● Exercise goal
Once the line with "和平精英QBZ，游戏数据、现实原型与实用性全解析" is found, write it out along with every line after it, exactly, up to the last line of the entries below. Exclude pictures.

● Exercise materials
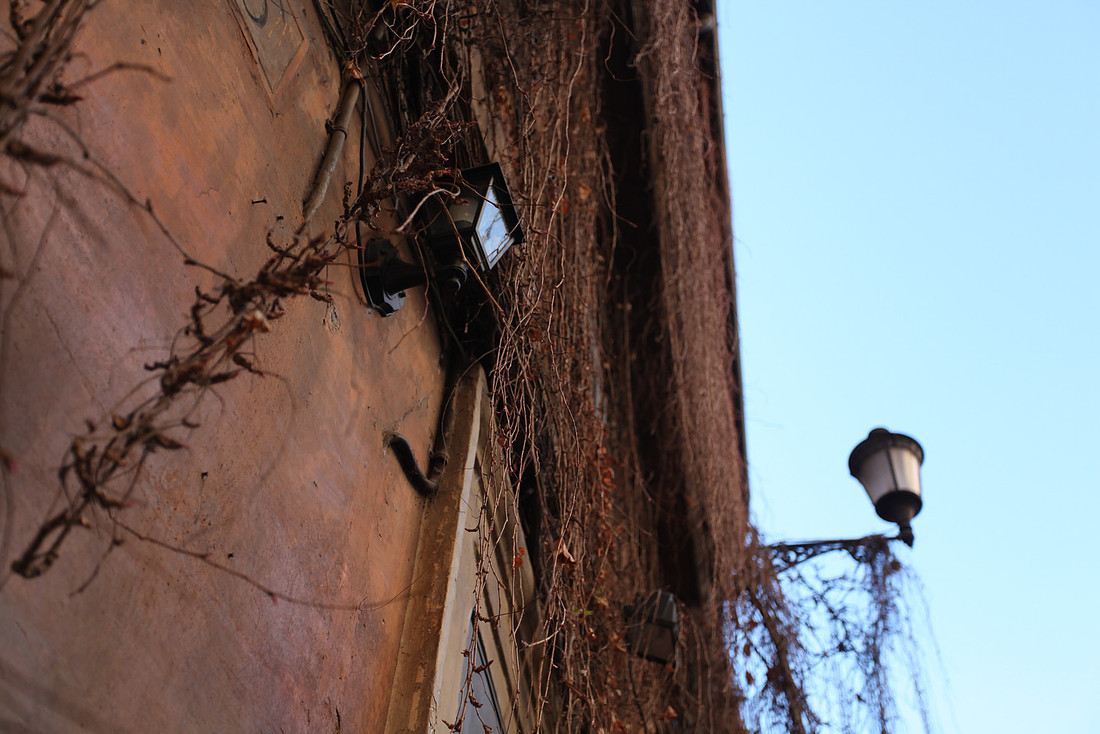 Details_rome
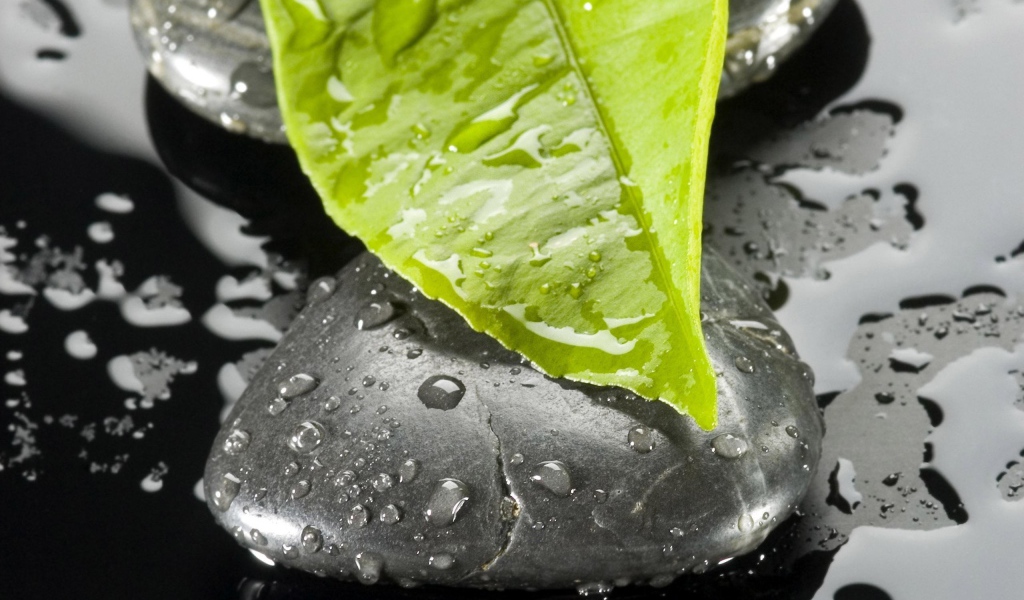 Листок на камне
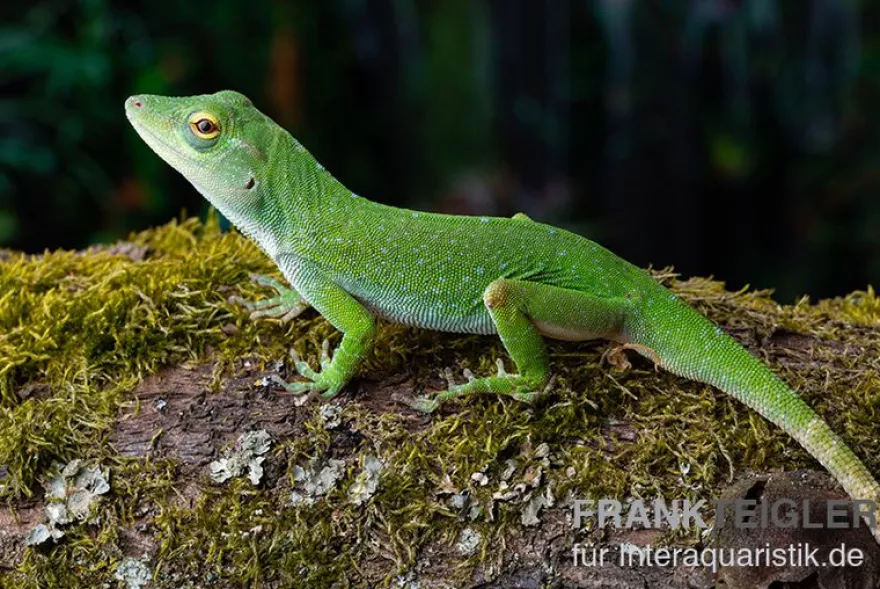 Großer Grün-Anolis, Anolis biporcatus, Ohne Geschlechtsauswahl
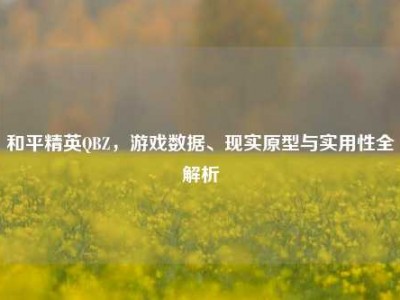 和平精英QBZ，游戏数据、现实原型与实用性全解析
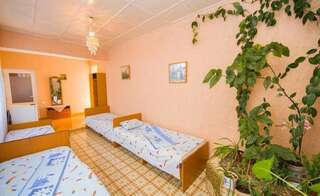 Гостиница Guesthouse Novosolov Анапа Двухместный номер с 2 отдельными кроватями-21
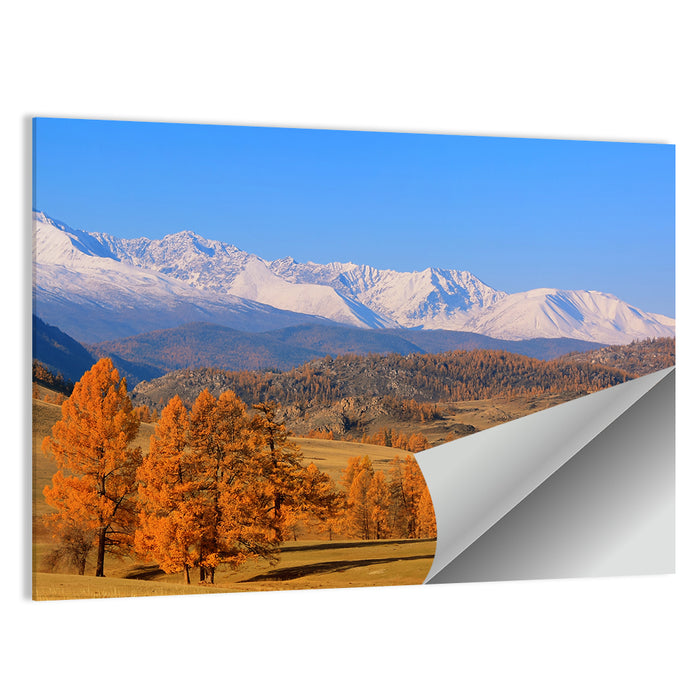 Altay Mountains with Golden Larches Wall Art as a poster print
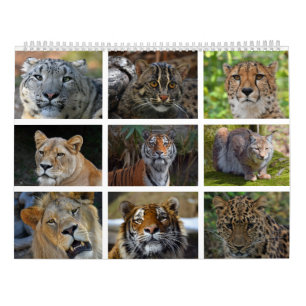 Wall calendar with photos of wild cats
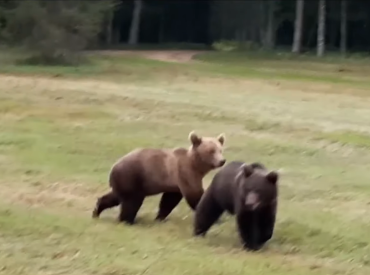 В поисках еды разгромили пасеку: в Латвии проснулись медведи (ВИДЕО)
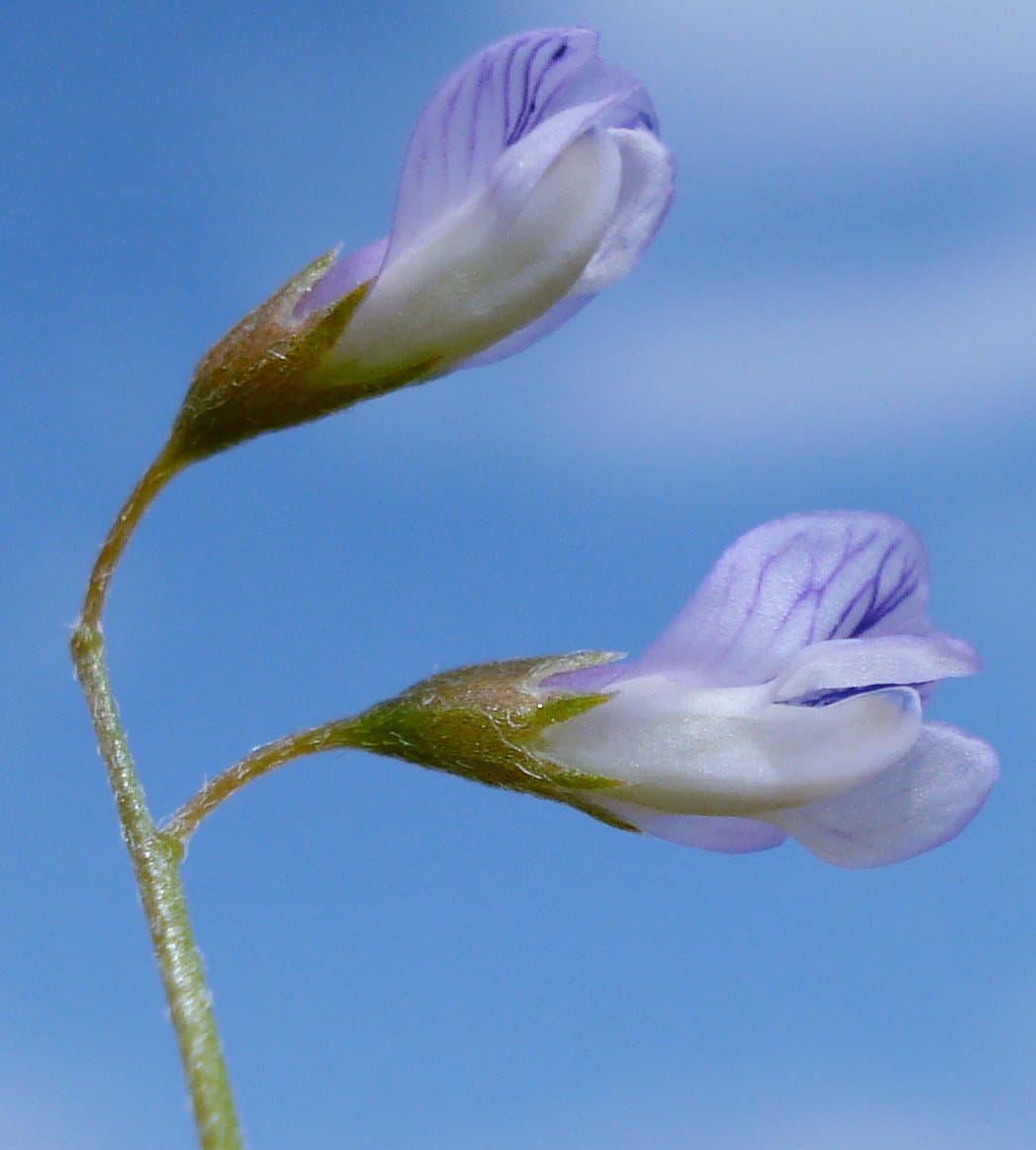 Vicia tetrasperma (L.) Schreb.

● Output of the exercise
 和平精英QBZ，游戏数据、现实原型与实用性全解析
 Гостиница Guesthouse Novosolov Анапа Двухместный номер с 2 отдельными кроватями-21
 Altay Mountains with Golden Larches Wall Art as a poster print
 Wall calendar with photos of wild cats
 В поисках еды разгромили пасеку: в Латвии проснулись медведи (ВИДЕО)
 Vicia tetrasperma (L.) Schreb.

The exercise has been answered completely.